Aperçu de la Banque du Canada de décembre : Face, on ralentit maintenant. Pile, on ralentit bientôt.

5 décembre 2022 - 6 minutes
Drapeau canadien claquant au vent devant l’immeuble d’une société
Nous prévoyons une hausse de taux de 25 points de base (pdb) à la réunion de décembre de la Banque du Canada (BdC), et une déclaration laissant présager d’autres hausses de taux. Cela dit, l’annonce semble exceptionnellement incertaine. Voilà une conclusion digne de l’année pleine de surprises que nous avons connue. La BdC a adopté une stratégie de communication plus équilibrée au cours du dernier mois, ce qui contraste fortement avec les fanfaronnades de lutte contre l’inflation de l’été et du début de l’automne. Le gouverneur Macklem a reconnu que la BdC approche de la fin de son cycle de resserrement, ce qui implique un éventuel ralentissement des hausses au cours des prochaines réunions. Pour le marché, les probabilités d’un scénario ou d’un autre ressemblent à celles d’un tirage au sort, et la communauté des analystes est divisée : il ne serait pas surprenant de constater une hausse de 25 ou de 50 pdb. Nous examinons les arguments pour les deux scénarios.

Arguments soutenant une hausse de 25 pdb

  • Un resserrement important est déjà en place dans le système. Selon nous, la sensibilité à la dette est le facteur le plus important qui sous-tend les perspectives de croissance, surtout compte tenu de la possibilité que la politique monétaire ne soit pas transmise de façon linéaire. Nous pensons qu’il serait préférable de procéder de façon plus prudente à l’avenir.
  • L’indice des prix à la consommation (IPC) excluant l’alimentation et l’énergie montre des signes de ralentissement. La mesure excluant l’alimentation et l’énergie désaisonnalisée s’établit à +0,2 % d’un mois à l’autre en octobre, il s’agit de la croissance la plus lente depuis novembre 2021 et la tendance sur trois mois est à son plus bas niveau depuis janvier 2022. De même, les mesures des prix des intrants, des coûts d’expédition et des prix de production prévus montrent toutes des signes de ralentissement.
  • Les mesures de relance budgétaire ne feront pas obstacle. Nous ne nous attendons pas à ce que le gouvernement fédéral nuise à la BdC en 2023. La mise à jour budgétaire de 2022 ne comprenait que des augmentations mineures des dépenses et était plutôt axée sur l’amélioration de la situation des finances fédérales.
  • La BdC cherche un équilibre. Des commentaires récents de la BdC laissent entrevoir une certaine appréhension quant au rythme du resserrement. Le gouverneur Macklem a ouvert la porte au ralentissement du resserrement après l’annonce d’octobre de la BdC et a reconnu que l’organisation approchait de la fin de son cycle de resserrement.

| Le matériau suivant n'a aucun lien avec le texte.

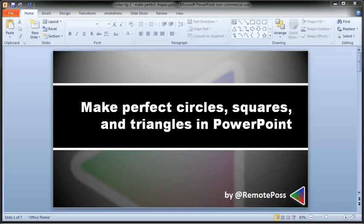In this video, you'll learn simple ways to make well-formed shapes in PowerPoint. Let me show you what I mean.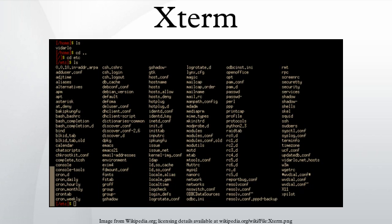As with most X applications, Xterm can be customized via global X-Resources file, per user resource files, or command line arguments. Most of the command line options correspond to resource settings, as noted in the manual page. While the name of the program is Xterm, the X-Resource class is Xterm. The Xterm script overrides this using the Xterm resource class. Xterm normally does not have a menu bar.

Arguments soutenant une hausse de 50 pdb

  • L’inflation de base demeure trop élevée. Bien que la BdC soit sans aucun doute soulagée de voir que l’inflation globale a probablement atteint un sommet, les mesures de l’inflation de base demeurent à un niveau inquiétant. La médiane pondérée et la moyenne tronquée ont toutes deux augmenté de 0,1 point de pourcentage (pp) en octobre, pour s’établir respectivement à 4,8 % et à 5,3 % sur 12 mois.
  • Moins de capacité excédentaire dans le système que prévu. Le rapport sur l’emploi d’octobre indique un point de départ plus robuste pour le marché du travail, ce qui peut indiquer qu’il faudra plus de temps pour constater une capacité excédentaire sur le marché du travail. De même, les révisions à la hausse du PIB de 2020 à 2022 et la hausse surprenante de 1,4 pp du PIB réel au troisième trimestre appuient également le scénario de point de départ avec moins de capacité excédentaire.
  • Les pressions salariales n’ont pas encore diminué. La croissance des salaires des employés permanents a été stable au cours des six derniers mois, à environ 5,5 %, ce qui témoigne encore une fois du resserrement du marché du travail et représente un risque à la hausse pour les pressions inflationnistes futures.
  • Tendances mondiales des banques centrales. La Banque centrale européenne (BCE), la Banque d’Angleterre (BoE), la Réserve fédérale américaine (Fed) et la Banque de réserve de la Nouvelle-Zélande (RBNZ) ont toutes relevé leurs taux de 75 pdb lors de leurs dernières réunions et devraient toutes les augmenter d’au moins 50 pdb la prochaine fois. Bien que la BdC soit évidemment plus sensible à l’évolution de la situation au pays qu’aux tendances internationales, la voie de la moindre résistance consiste souvent à suivre la tendance mondiale.
Nous estimons que les deux ensembles d’arguments sont valables, mais en fin de compte, nous croyons qu’un ralentissement du resserrement est logique. Si le Canada se trouve en fait entre 50 et 75 pdb du taux final, la BdC peut se permettre de revenir à une approche plus précise en matière de politique monétaire afin d’éviter un dépassement. S’il s’avère qu’un taux final de 4,75 % ou de 5,00 % est plus approprié, la BdC peut poursuivre la hausse en relevant le taux de 25 pdb au deuxième trimestre. Déterminer le taux final réel devient maintenant plus important que le parcours pris pour l’atteindre.

Stratégie de change

Novembre a été un mois marquant. Nous misions au début sur le rendement général inférieur du dollar canadien (CAD) dans la paire CAD/JPY (yen japonais) en position vendeur et la paire AUD (dollar australien)/CAD en position acheteur, mais ce scénario s’est réalisé beaucoup plus rapidement que prévu. En effet, le dollar canadien a été particulièrement plombé par la faiblesse du dollar américain dans son ensemble. Ce dernier subit l’une des compressions les plus importantes et les plus rares depuis des décennies. Toutefois, comme Jerome Powell a récemment exprimé plus d’inquiétudes et d’incertitudes, les appels à un taux final plus élevé de sa part et de la part du reste du Federal Open Market Committee (FOMC) ne semblent pas avoir beaucoup de poids. De plus, le mois de novembre a été marqué par un important changement de corrélation : alors que le dollar américain n’était sensible qu’au resserrement au début de l’automne, le billet vert montre maintenant autant de sensibilité, sinon plus, à un assouplissement dont tient déjà compte la courbe.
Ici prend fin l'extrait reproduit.